A Scalable "Trust Protocol" for the Ecosystem

The impact of this project was strategic and validated by the market. As the lead designer, my "Triaged Interaction" framework was not only adopted by leadership as the official standard for all Righ autonomous products but also played a key role in the platform's value proposition during its acquisition by Plume Design.

1. Standardized Interaction Model

My 3-part framework became the foundational Human-Agent Interaction Guideline for the company. It established a unified language for how all future AI agents would negotiate trust and permission with users across the ecosystem.

2. Solved the "Agency-Control Paradox"

This design provided a repeatable pattern to prove the AI's ROI (via the "Trust Ledger") without causing cognitive overload. It successfully balanced the efficiency of automation with the user's need for control and observability.

My Key Learnings

1. Trust Requires Observability

My biggest learning for B2B automation is that a "Black Box" is a business failure. Stakeholders cannot trust what they cannot see.
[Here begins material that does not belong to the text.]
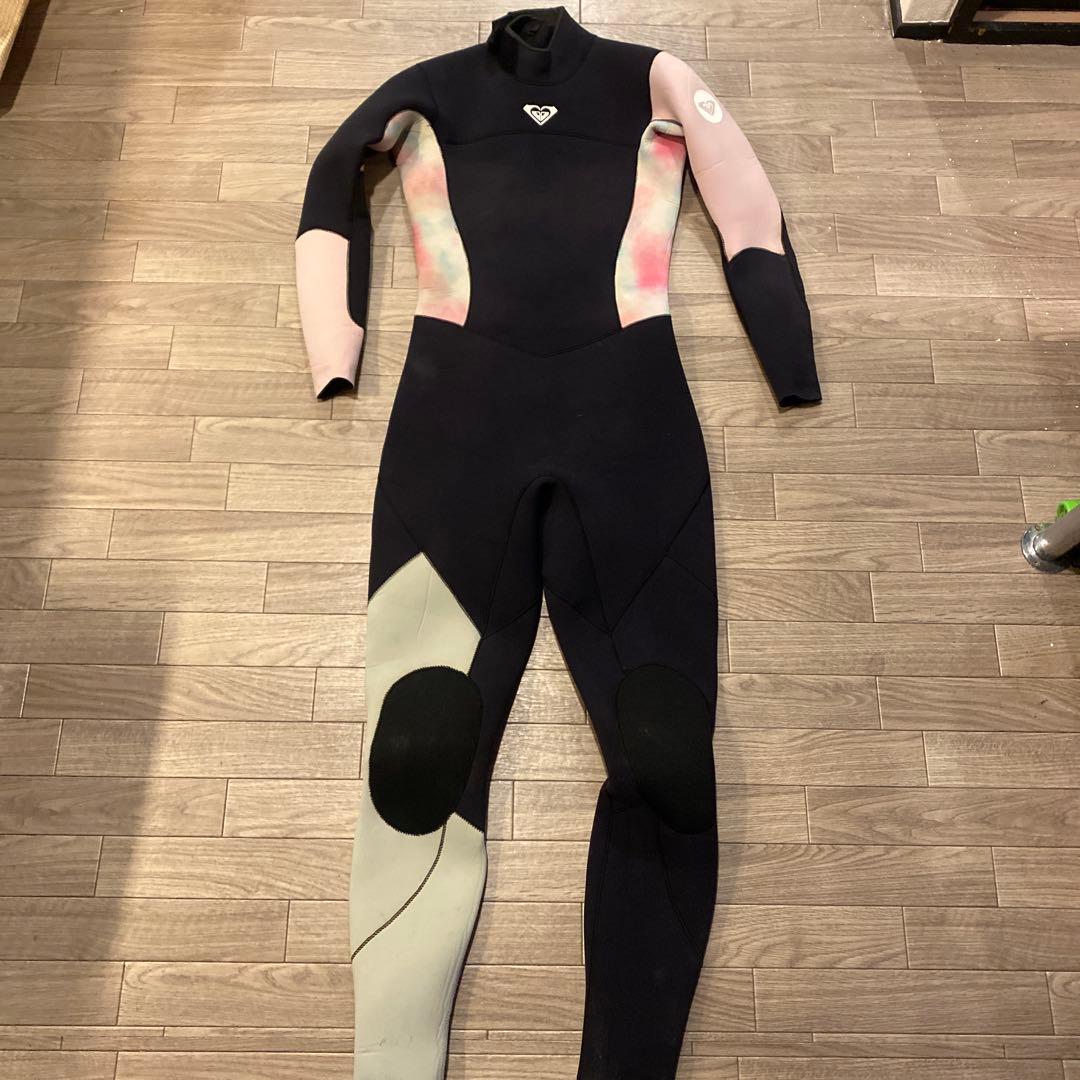 ロキシー　ウェットスーツ　ジャーフル　黒×マーブルピンク　3ミリ　Mサイズ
I learned that "Proof of Work" (via the Trust Ledger) is not just a feature—it is the psychological foundation that allows users to "let go" and delegate tasks to an Agent.
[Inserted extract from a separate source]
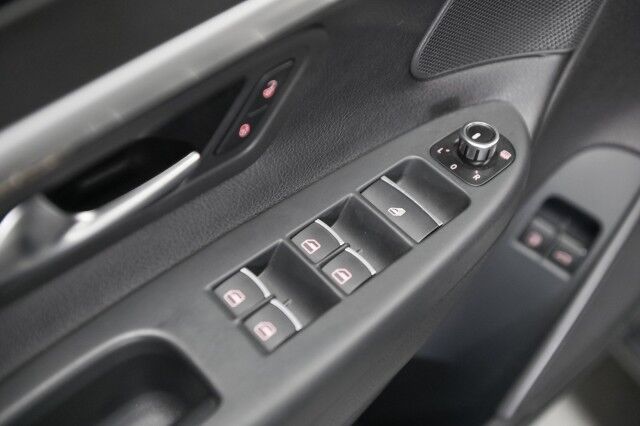 2012 Volkswagen Eos Komfort 2dr Convertible Chicago IL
2. Calibration over Consistency

I realized that trust is a spectrum, not a binary switch. We are not just design one "happy path"; we try to design a "Calibration System" that dynamically shifts the Agent's behavior (from Invisible to Loud) based on the risk level of the action.

Next Step

From Notification to Delegation

This framework set the stage for true Agentic workflows. Once trust was established via the "Ledger," we could move to V2: "Goal-Based Delegation." Instead of just reporting status, the interface evolved to allow users to state high-level intent (e.g., "Optimize for a party tonight"), trusting the Agent to execute the complex sub-tasks autonomously.